- What needs to be done
Your copy of the entries below should hold exactly the lines from the one containing "Sustainable Forestry Icons, Solid" to the one containing "Me + Em Red Stretch Knit Pleated Midi Dress", inclusive, and no pictures.

- Working data

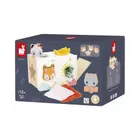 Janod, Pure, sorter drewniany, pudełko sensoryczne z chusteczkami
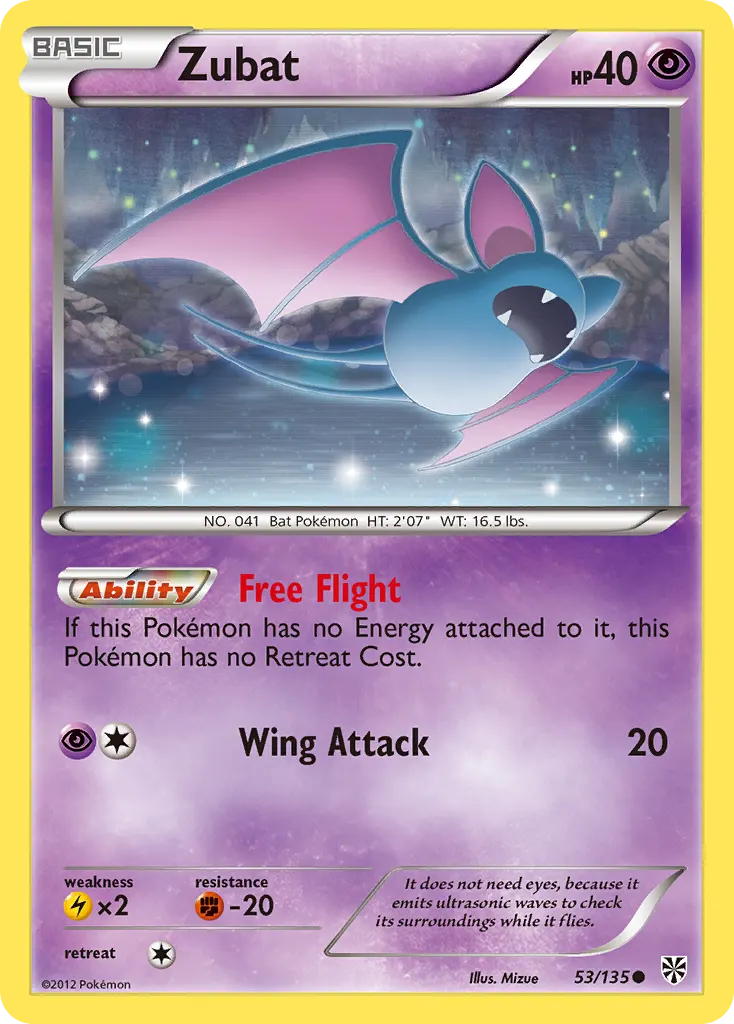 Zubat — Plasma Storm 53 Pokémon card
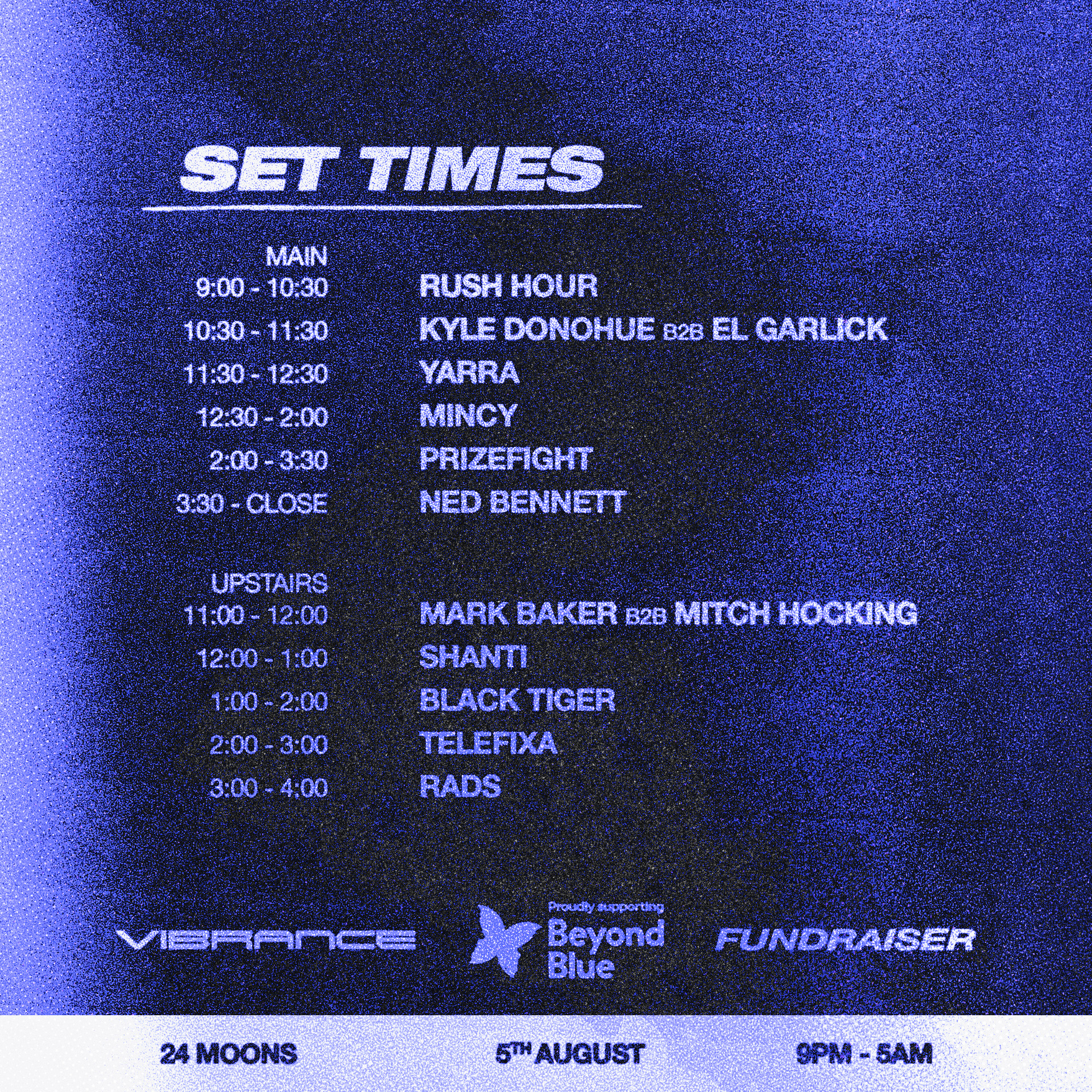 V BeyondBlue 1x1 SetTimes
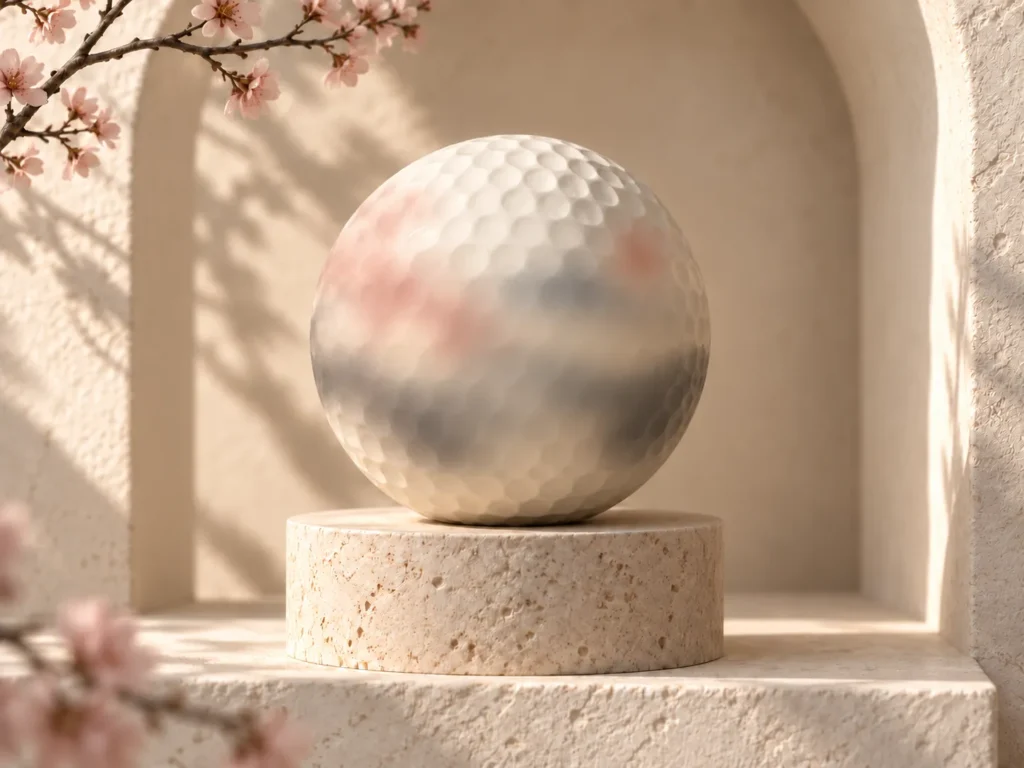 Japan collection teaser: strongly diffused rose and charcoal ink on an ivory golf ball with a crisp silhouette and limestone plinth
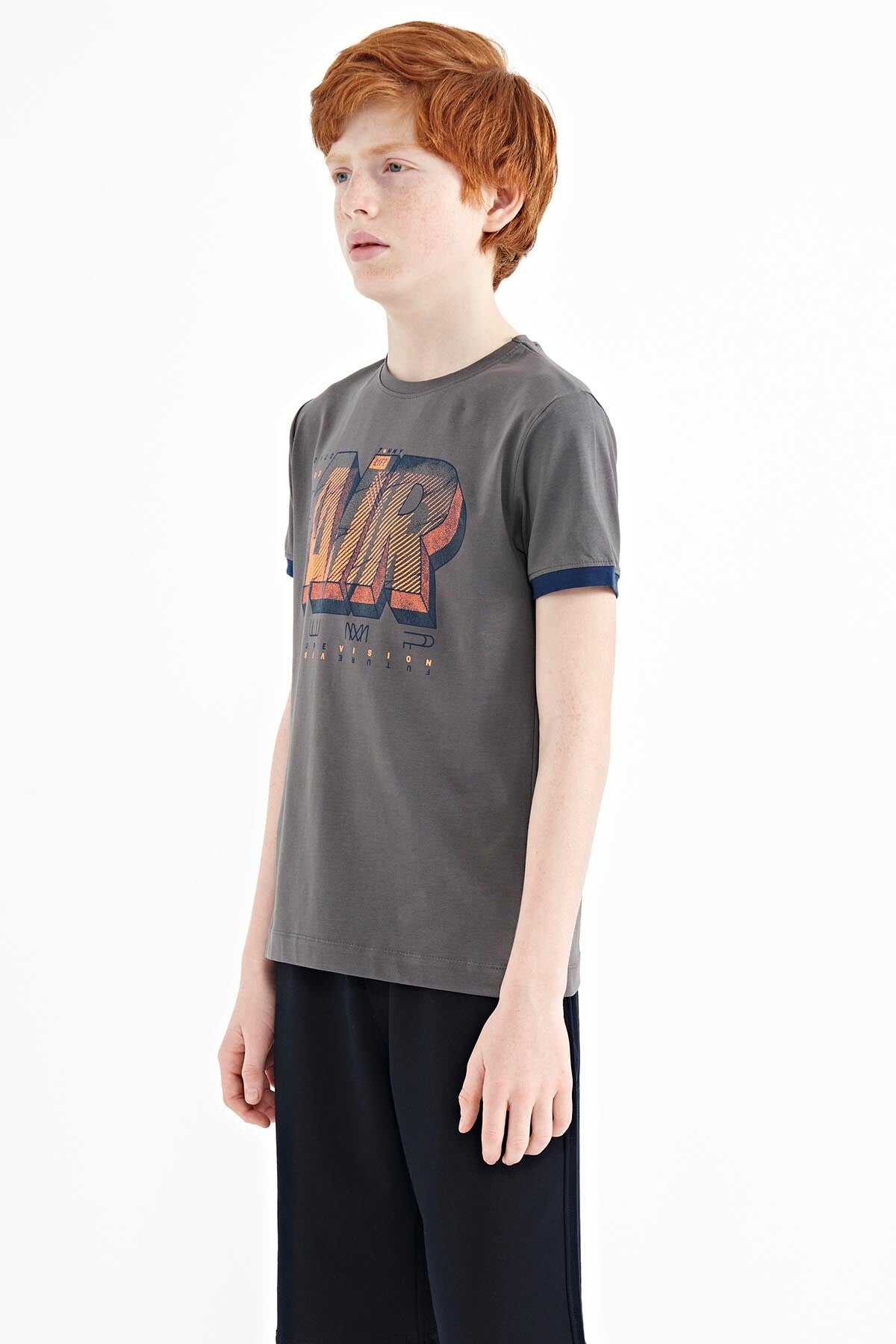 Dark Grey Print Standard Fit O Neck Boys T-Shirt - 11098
--
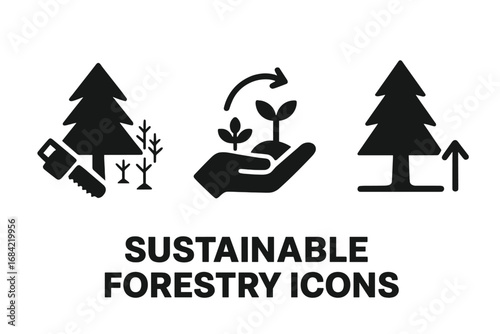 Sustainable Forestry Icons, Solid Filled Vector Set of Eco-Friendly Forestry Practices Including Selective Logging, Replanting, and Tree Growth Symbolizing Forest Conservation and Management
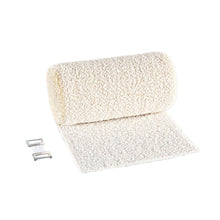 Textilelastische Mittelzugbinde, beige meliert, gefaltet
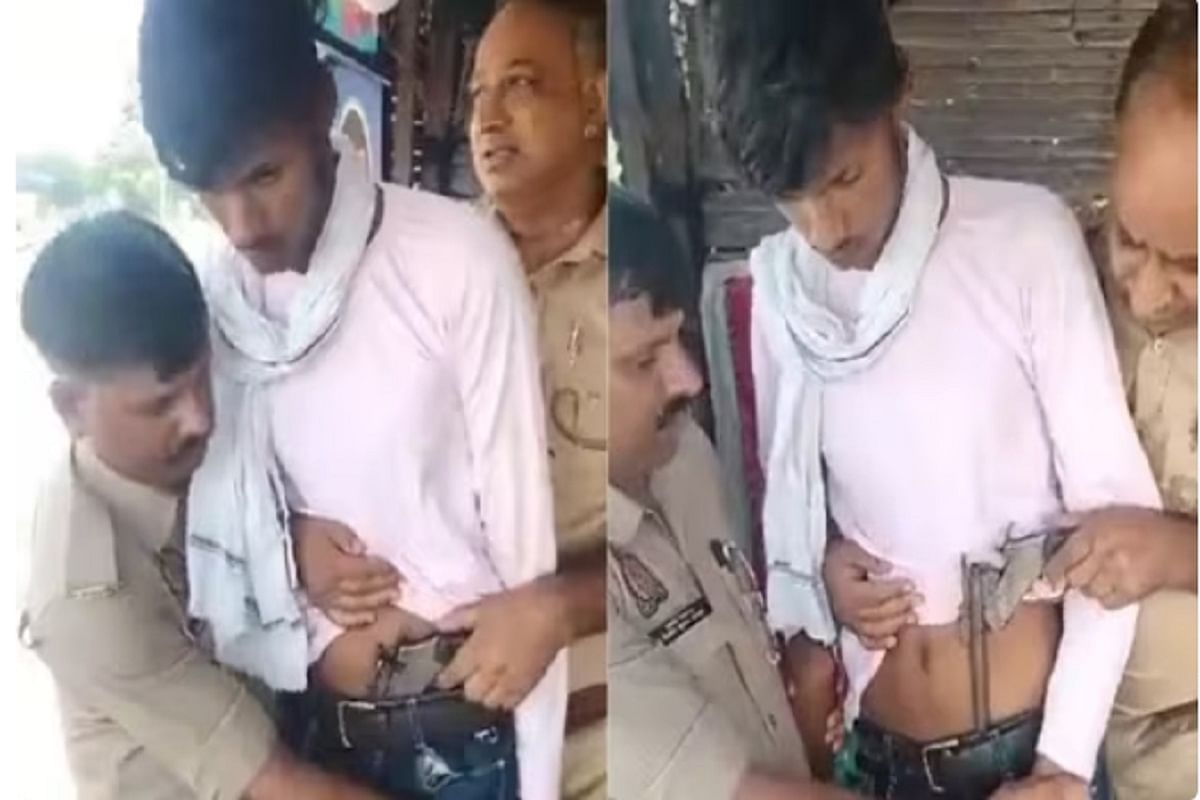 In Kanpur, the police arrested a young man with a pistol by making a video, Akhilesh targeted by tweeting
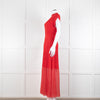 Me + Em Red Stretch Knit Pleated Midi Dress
---
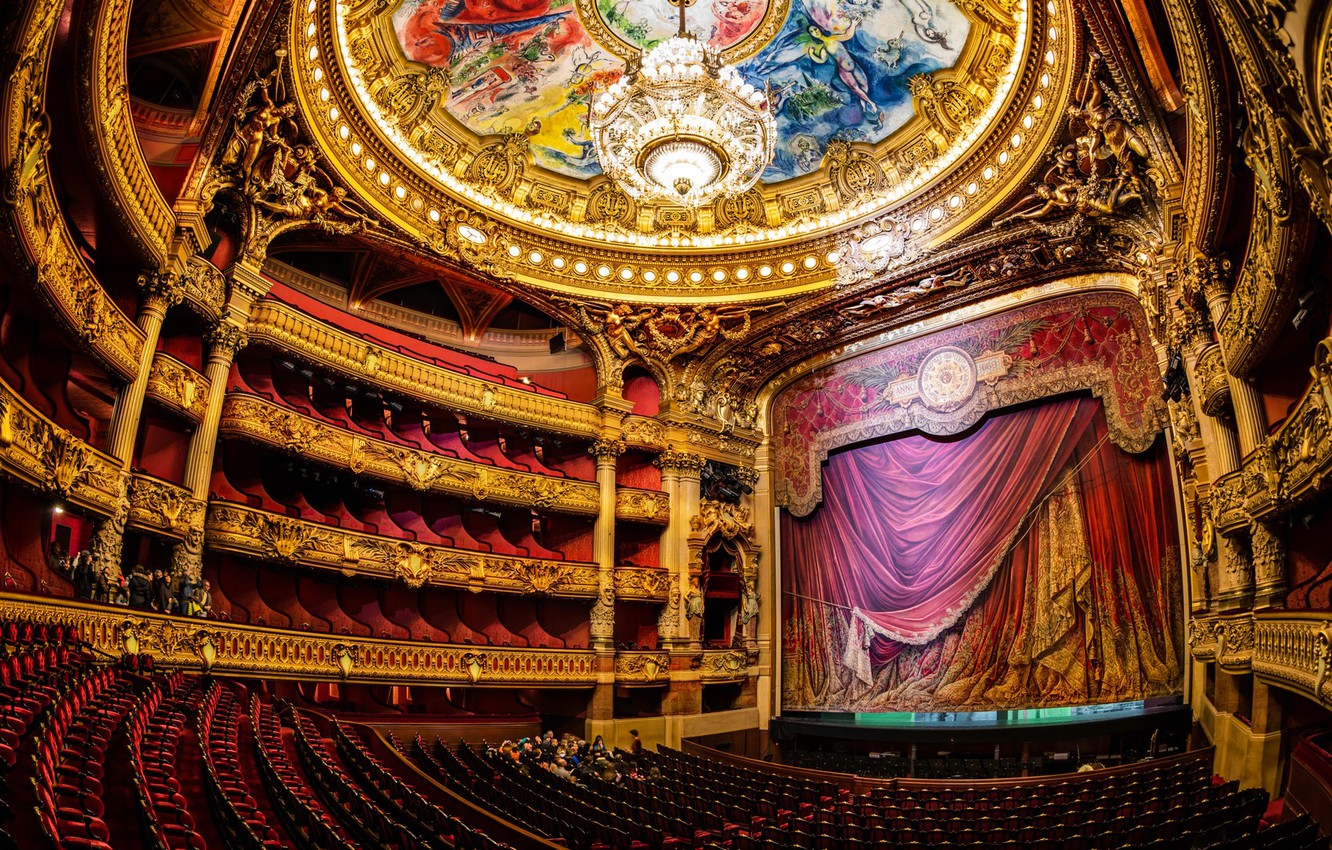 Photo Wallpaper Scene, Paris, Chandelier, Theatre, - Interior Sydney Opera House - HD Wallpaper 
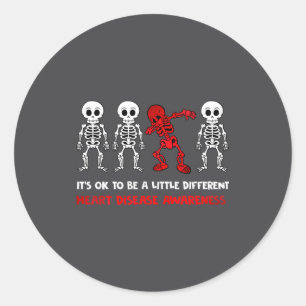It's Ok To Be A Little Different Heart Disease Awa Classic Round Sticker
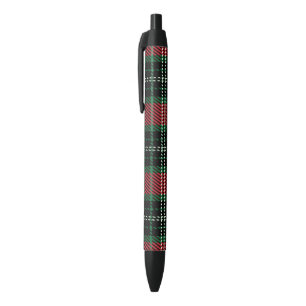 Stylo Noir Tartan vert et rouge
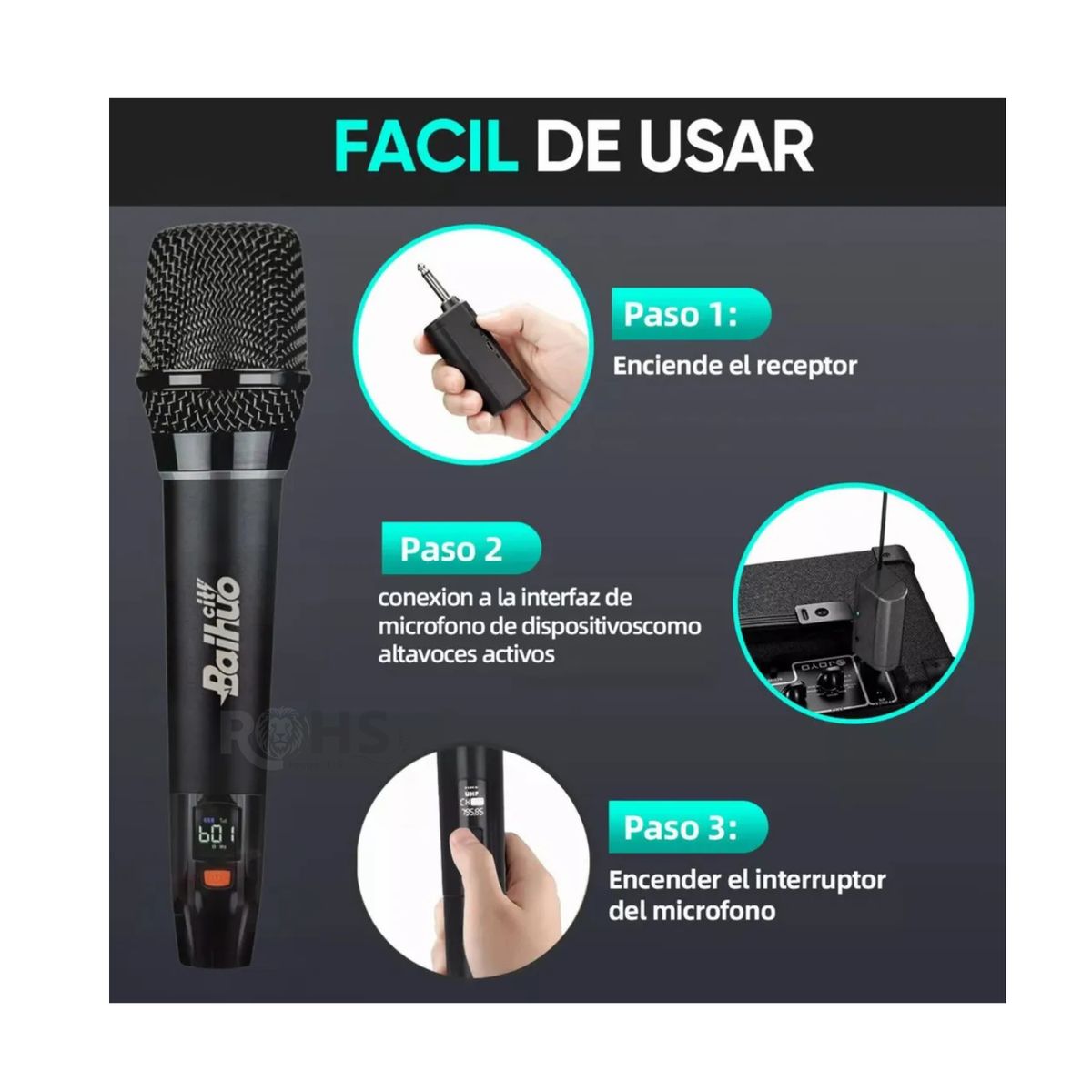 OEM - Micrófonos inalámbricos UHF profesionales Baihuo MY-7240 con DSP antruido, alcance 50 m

- Response for this exercise
 Sustainable Forestry Icons, Solid Filled Vector Set of Eco-Friendly Forestry Practices Including Selective Logging, Replanting, and Tree Growth Symbolizing Forest Conservation and Management
 Textilelastische Mittelzugbinde, beige meliert, gefaltet
 In Kanpur, the police arrested a young man with a pistol by making a video, Akhilesh targeted by tweeting
 Me + Em Red Stretch Knit Pleated Midi Dress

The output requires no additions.